Een botbreuk bij een gevallen oudere zou een reden moeten zijn om de medicatie aan te pakken.
Dat schrijft Medisch Contact naar aanleiding van een onderzoek in JAMA Internal Medicine.
Voor het onderzoek werden medicatielijsten van Amerikaanse senioren voor en na een val (die resulteerde in een fractuur) vergeleken. De onderzoekers concentreerden zich daarbij op medicijnen die de kans op een val vergroten (zoals benzodiazepines), de botdichtheid verminderen (zoals protonpompremmers) of om onopgehelderde redenen de kans op een breuk verhogen (de auteurs noemen hierbij lisdiuretica). Ze gebruikten verzekeringsdata om medicatie in de vier maanden vóór en vier maanden ná de val van ruim 168 duizend ouderen te vergelijken. De patiënten hadden heup-, schouder- of polsfracturen opgelopen. De gemiddelde leeftijd was 80 jaar, 84 procent was vrouw.

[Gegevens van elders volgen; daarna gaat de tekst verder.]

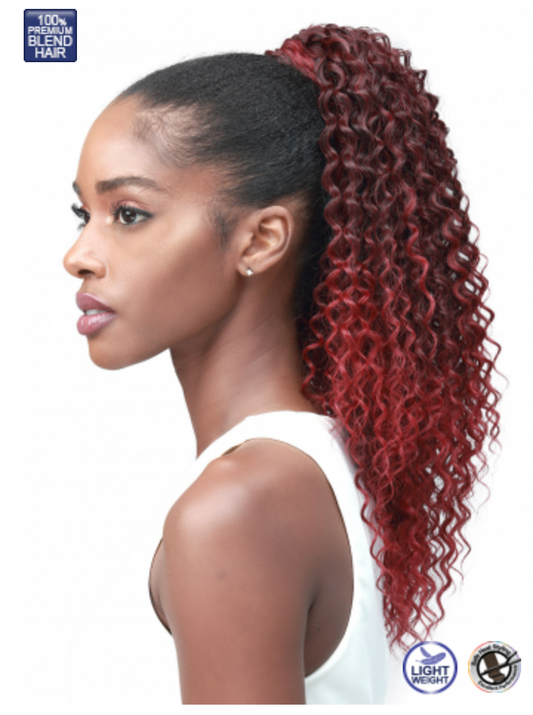 Miss Origin Tress Up Ponytail Water Wave 18"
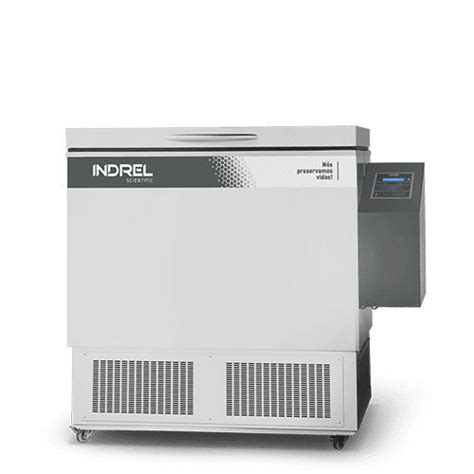 Freezer para plasma sanguíneo CPH 45D INDREL de laboratório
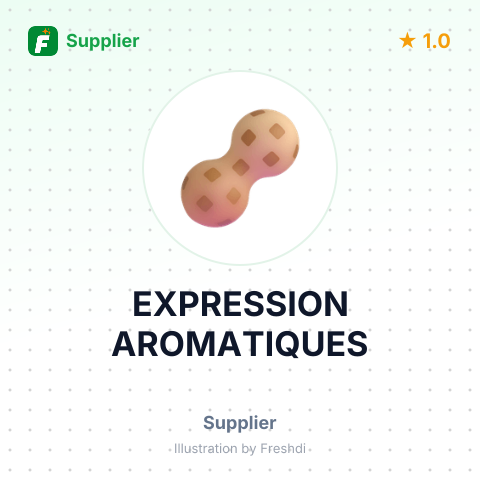 EXPRESSION AROMATIQUES – summary card, no photo uploaded yet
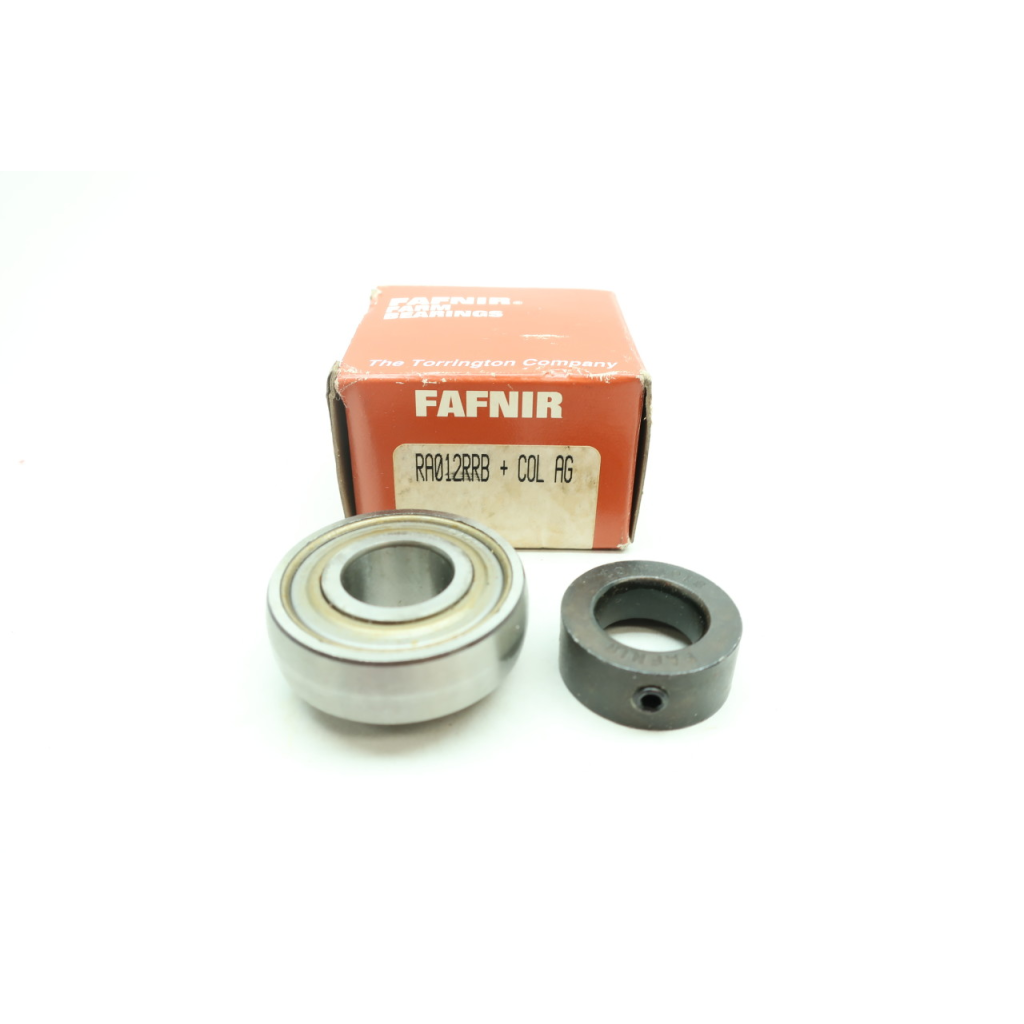 Fafnir RA012RRB+COL AG Ball Insert Bearing 19.1mm 47mm 15mm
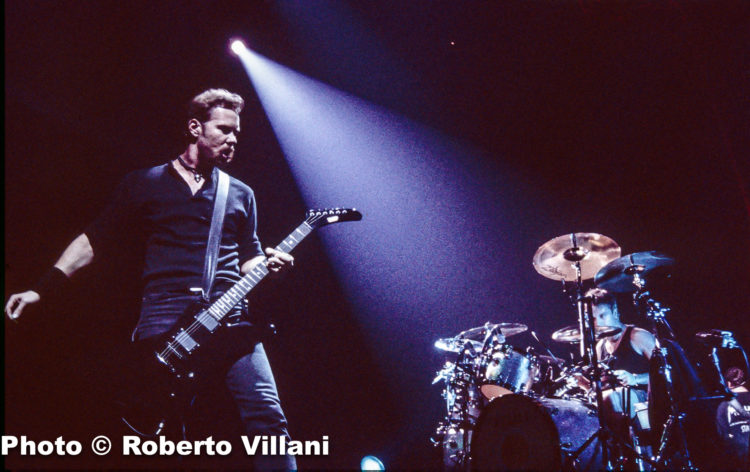 Metallica @Poor Touring Me – Forum di Assago (Milano), 28 settembre 1996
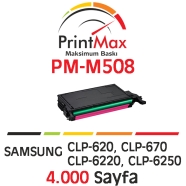 PRINTMAX PM-M508 PM-M508 4000 Sayfa MAGENTA MUADIL Lazer Yazıcılar / Faks Mak...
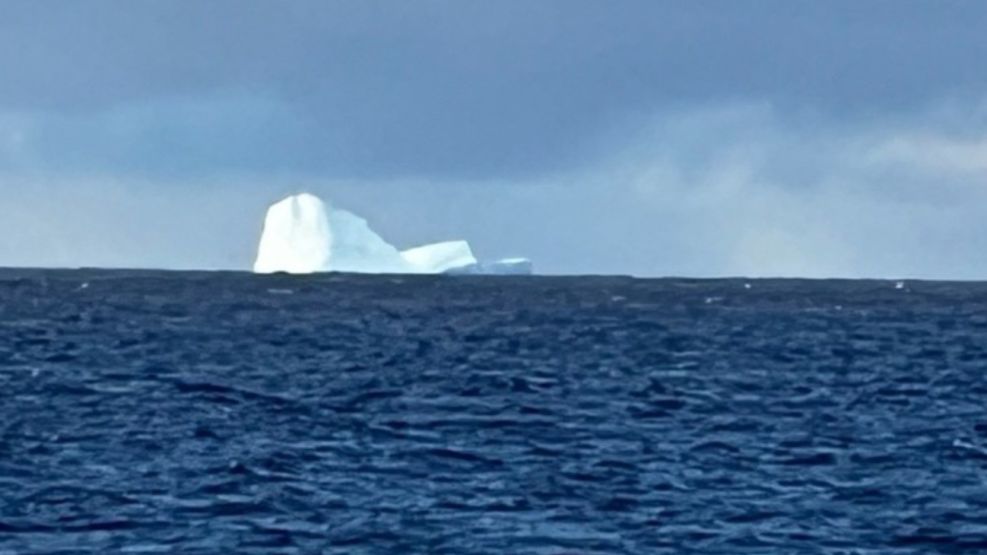 Iceberg en Tierra del Fuego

Ruim 80 procent van hen slikte voorafgaand aan de fractuur één van de genoemde middelen. Nadien was dat zelfs 88 procent. Als de opiaten buiten beschouwing werden gelaten was het zowel voor als na de breuk ruim driekwart. Van hen stopte 7 procent daarmee na de val, maar net zo’n grote groep begon ermee.
Lees hier het volledige artikel.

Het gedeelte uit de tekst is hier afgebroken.